L’HISTOIRE

Martin exploitait des parcelles plantées en vigne au cœur du Beaujolais. Toutefois, ayant constaté que des sangliers s’étaient régalés, Martin avait adressé à la fédération départementale des chasseurs des déclarations aux fins d’indemnisation des dégâts causés à ses récoltes. Il avait ensuite obtenu du juge d’instance la désignation d’un expert, puis sollicité la condamnation de la fédération à lui verser une indemnité en réparation de la perte de récoltes.

LE CONTENTIEUX

Martin avait fondé sa demande sur les articles L. 426-6 et R. 426-20 du code de l’environnement qui précisent que l’exploitant agricole, qui a préalablement formé une demande d’indemnisation auprès du président de la fédération départementale des chasseurs, peut, en cas de litige, saisir, à tout moment - mais dans les limites de la prescription de six mois - le juge judiciaire d’une action aux fins d’indemnisation de ces dégâts par cette fédération.

Il est vrai que le code de l’environnement prévoit deux procédures d’indemnisation forfaitaire des dégâts de gibier : l’une de nature administrative et non contentieuse, qui relève de la fédération départementale des chasseurs et qui permet la saisine d’une commission d’évaluation des dommages après expertise, et l’autre, subsidiaire, de nature contentieuse, qui est mise en œuvre à l’initiative de l’exploitant, devant le tribunal judiciaire. Ces deux procédures peuvent être conduites parallèlement.
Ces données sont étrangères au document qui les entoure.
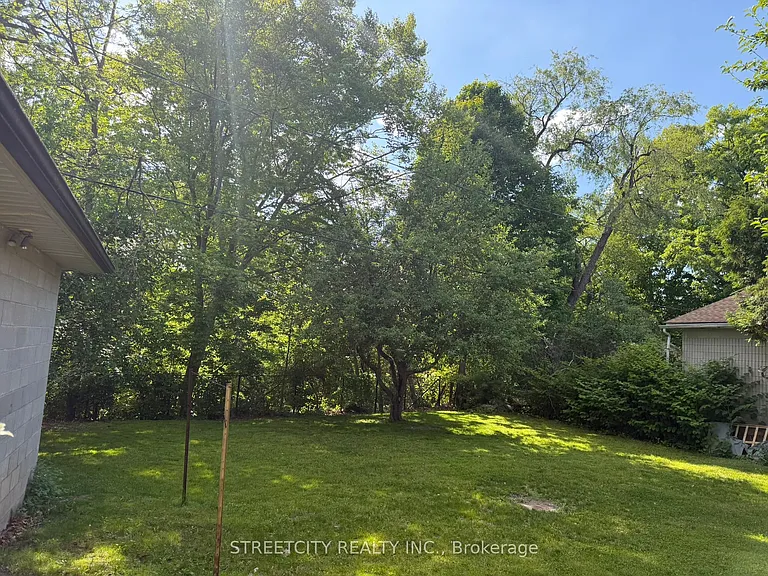 444 Scenic Dr — Photo 6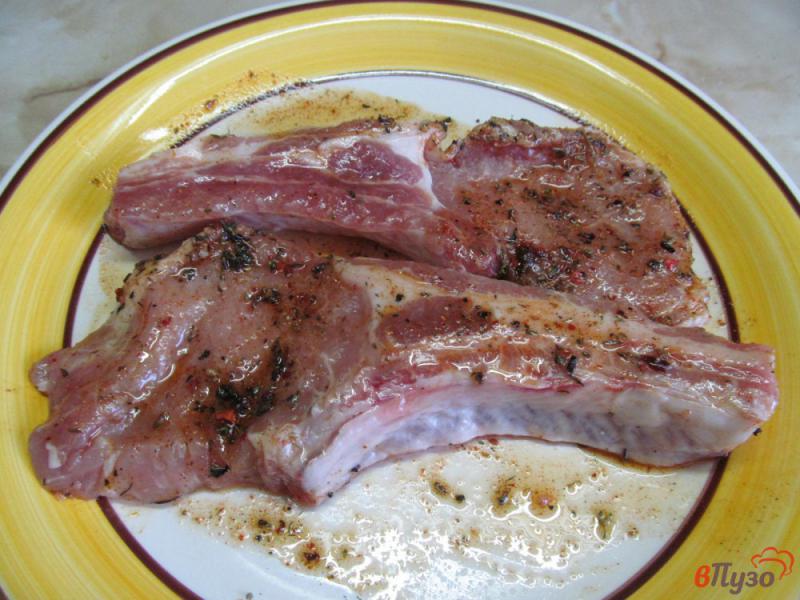 Фото приготовление рецепта: Свиной стейк с репой шаг №2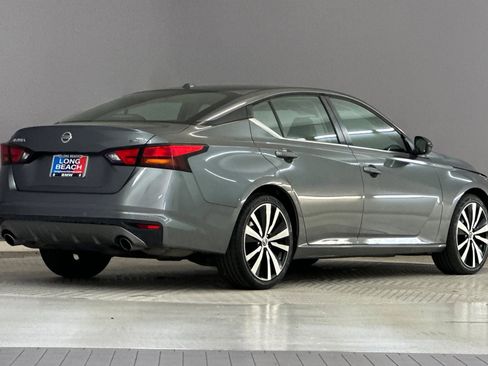 Used 2020 Nissan Altima 2.5 SR image 9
Aussi, Martin, qui avait estimé que la proposition d’indemnisation de la fédération n’était pas suffisante, avait saisi le tribunal d’instance.

Mais la fédération départementale s’était opposée à la demande en invoquant deux arguments : d’une part, le juge judiciaire ne pouvait statuer sur la demande de Martin tant que la procédure non contentieuse d’indemnisation n’avait pas donné lieu à une décision de la commission nationale d’indemnisation ; d’autre part, et en toute hypothèse, la procédure judiciaire ne pouvait être mise en œuvre que sur le fondement d’une faute commise par la fédération, laquelle n’était pas établie.

Malgré sa pertinence, les juges avaient écarté cette argumentation. La poursuite d’une procédure administrative d’indemnisation des dégâts de gibier, préalablement engagée, n’interdit pas de saisir le juge judiciaire, sous réserve de la prescription qui court à partir du jour de leur commission.

L’action de Martin était bien recevable et l’indemnisation devait être fixée conformément au régime de la procédure administrative sans qu’il soit nécessaire d’invoquer une faute de la fédération. Pour la Cour de cassation, les juges avaient fait une exacte application de la loi.

L’ÉPILOGUE

Nombreux sont les exploitants qui se perdent dans le labyrinthe des procédures en indemnisation des dégâts de gibier, et, parfois, perdent une chance en laissant passer la prescription de six mois. Aussi ne peut-on qu’approuver la réponse apportée par les juges : la mise en œuvre de la procédure administrative n’interdit pas la saisine parallèle du juge judiciaire en vue d’obtenir une meilleure indemnisation.